## Activity:
An exact transcript of every entry is required, without any of the pictures.

[Study material Boundary: Start]

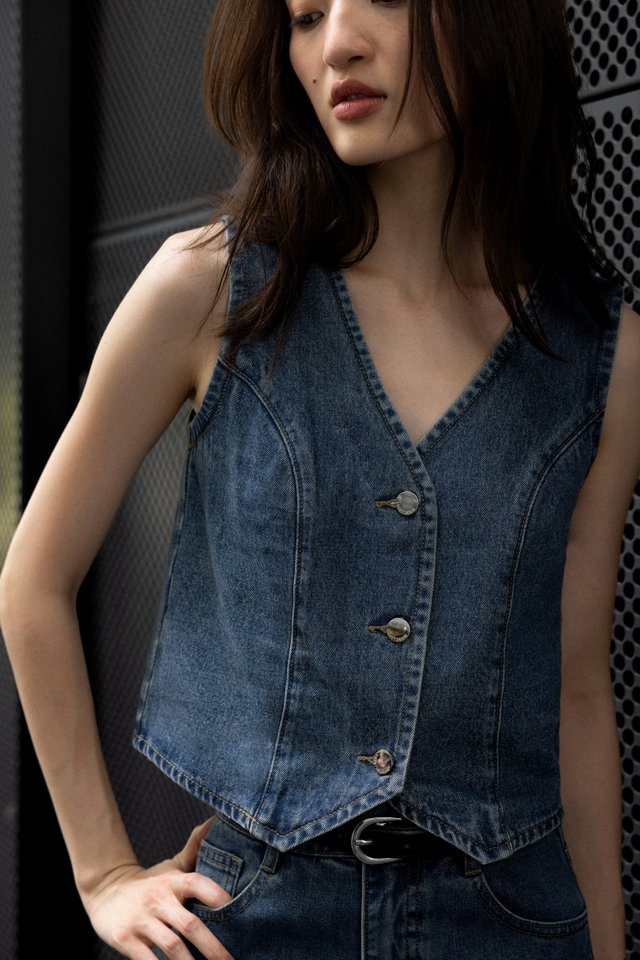 CAPTIVATE DENIM BUTTON VEST TOP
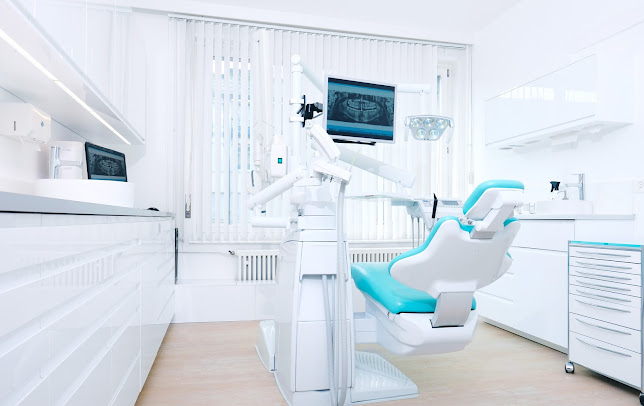 Rezensionen über Zahnarztpraxis Dr. Miskiewicz M.Sc. Implantologie und Parodontologie in Biel - Zahnarzt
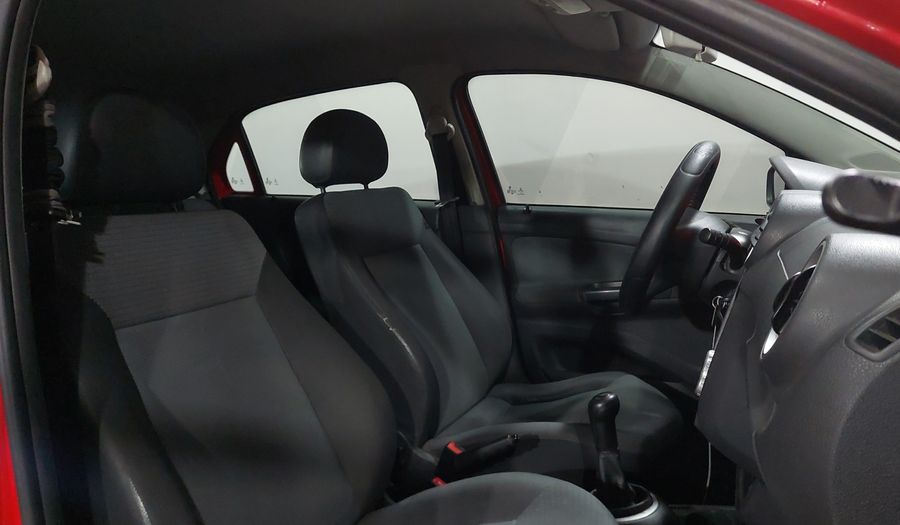 Volkswagen Gol 1.6 TRENDLINE MT Hatchback 2013
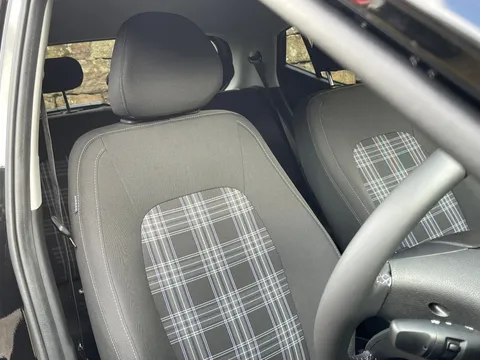 ML75UEK Hyundai i10 1.0 [63] Premium 5dr Auto [Nav] Thumbnail #9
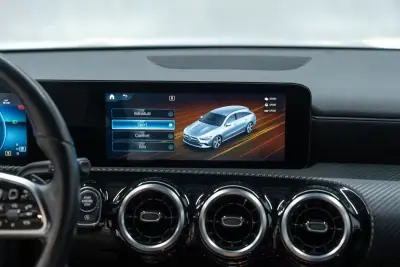 Mercedes-Benz CLA 180 2023 - 29950 EUR, 70000 km - AUTO.MOTO.pt - 70000km - foto 36 de 43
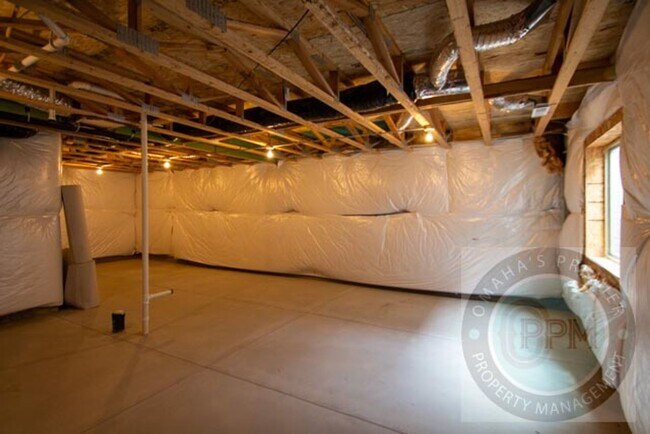 Building Photo - HUGE 3Bd/3Ba House in Bennington, NE!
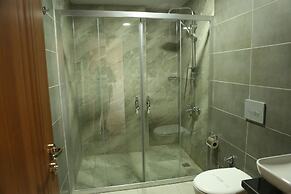 Bianca Hotel Van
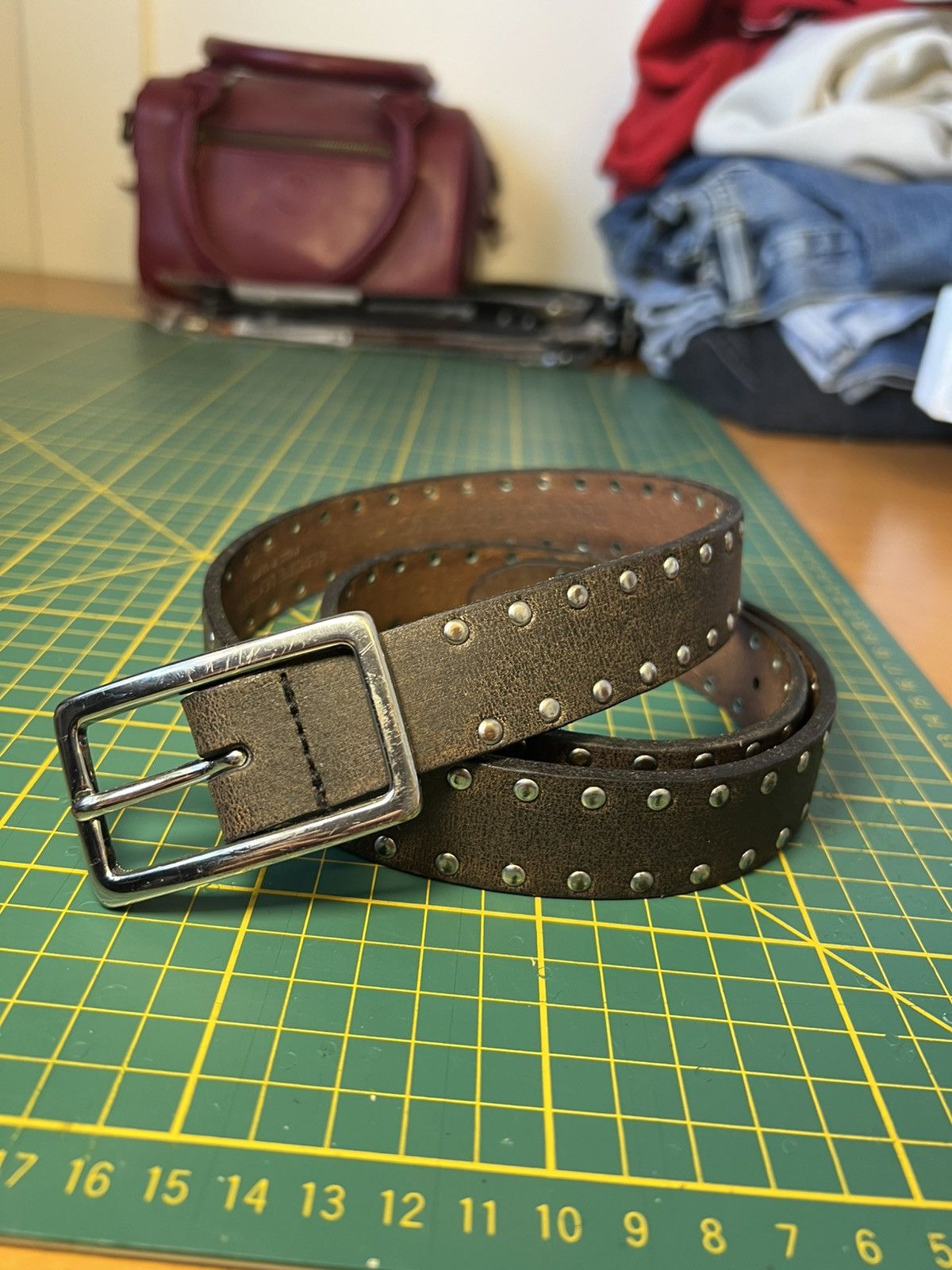 Vintage Vintage studded genuine leather belt Size ONE SIZE - 1 Thumbnail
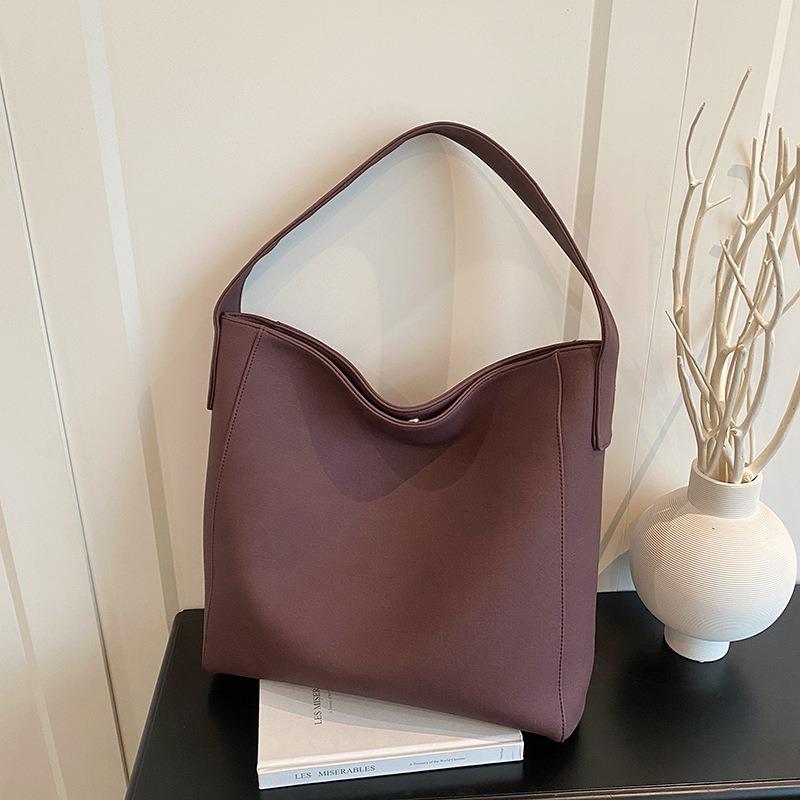 

Вместительная сумка для поездок на работу, сумка-тоут через плечо, новая простая женская сумка, сумка-ведро для офисных работников и студентов. бордовый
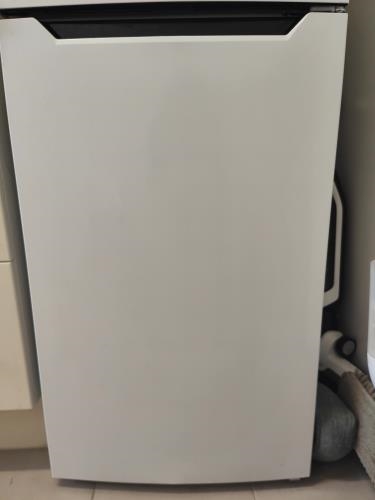 Second-hand TCL 198L Top Mount Fridge - Photo 11)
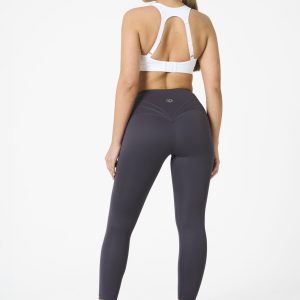 Elevate your workout wardrobe with the Legacy Zip Bra (White) from our Legacy Activewear Collection. Designed for movement, support, and ultimate comfort, this sports bra combines functionality with trend-forward style.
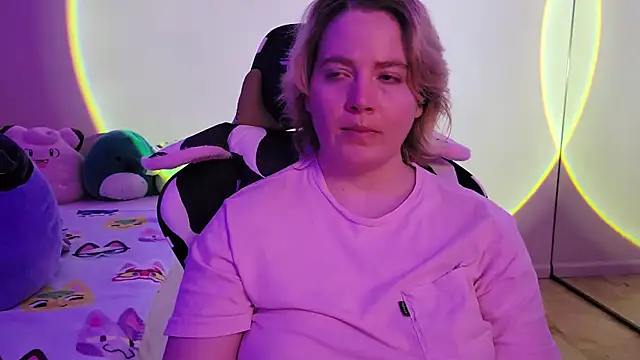 InternetFairy XO online show from January 31, 2025, 9:16 am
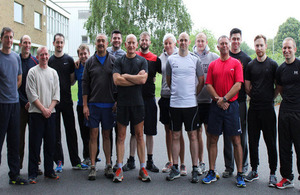 DCC Simon Chesterman with other runners at the beginning of the challenge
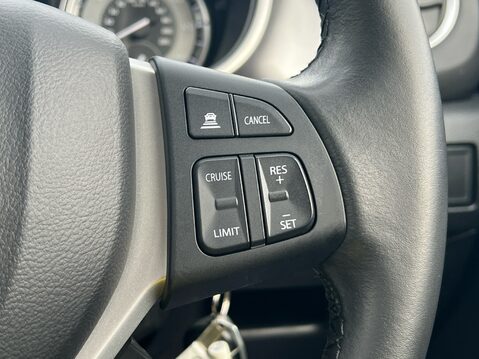 Suzuki Vitara SZ-T BOOSTERJET MHEV 21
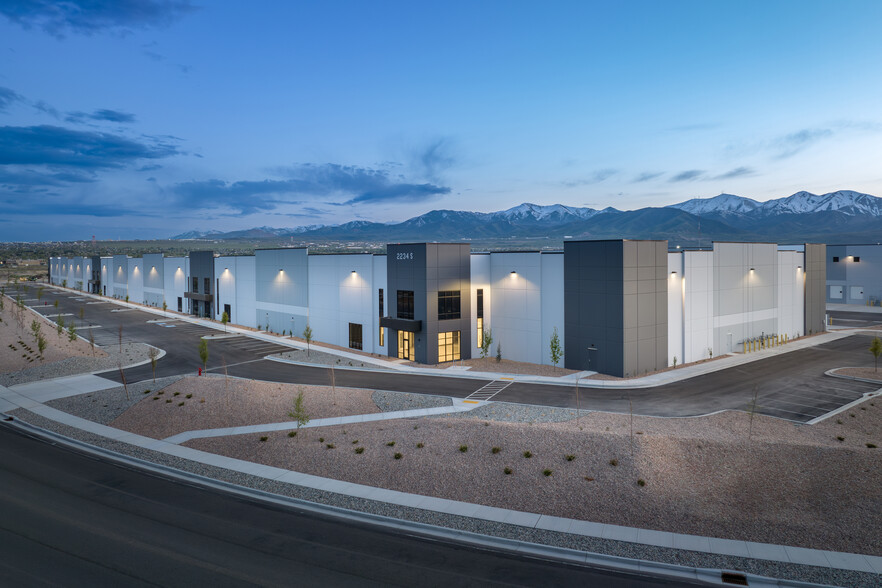 6075 W SR-201 S, West Valley City, UT en alquiler - Foto del edificio - Imagen 1 de 27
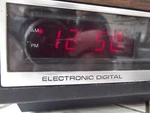 General Electric 7-4640 Alarm Clock Radio Working! Vintage. Fixed Price $19.00.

[Study material Boundary: End]

## Solution for this problem:
 CAPTIVATE DENIM BUTTON VEST TOP
 Rezensionen über Zahnarztpraxis Dr. Miskiewicz M.Sc. Implantologie und Parodontologie in Biel - Zahnarzt
 Volkswagen Gol 1.6 TRENDLINE MT Hatchback 2013
 ML75UEK Hyundai i10 1.0 [63] Premium 5dr Auto [Nav] Thumbnail #9
 Mercedes-Benz CLA 180 2023 - 29950 EUR, 70000 km - AUTO.MOTO.pt - 70000km - foto 36 de 43
 Building Photo - HUGE 3Bd/3Ba House in Bennington, NE!
 Bianca Hotel Van
 Vintage Vintage studded genuine leather belt Size ONE SIZE - 1 Thumbnail

Вместительная сумка для поездок на работу, сумка-тоут через плечо, новая простая женская сумка, сумка-ведро для офисных работников и студентов. бордовый
 Second-hand TCL 198L Top Mount Fridge - Photo 11)
 Elevate your workout wardrobe with the Legacy Zip Bra (White) from our Legacy Activewear Collection. Designed for movement, support, and ultimate comfort, this sports bra combines functionality with trend-forward style.
 InternetFairy XO online show from January 31, 2025, 9:16 am
 DCC Simon Chesterman with other runners at the beginning of the challenge
 Suzuki Vitara SZ-T BOOSTERJET MHEV 21
 6075 W SR-201 S, West Valley City, UT en alquiler - Foto del edificio - Imagen 1 de 27
 General Electric 7-4640 Alarm Clock Radio Working! Vintage. Fixed Price $19.00.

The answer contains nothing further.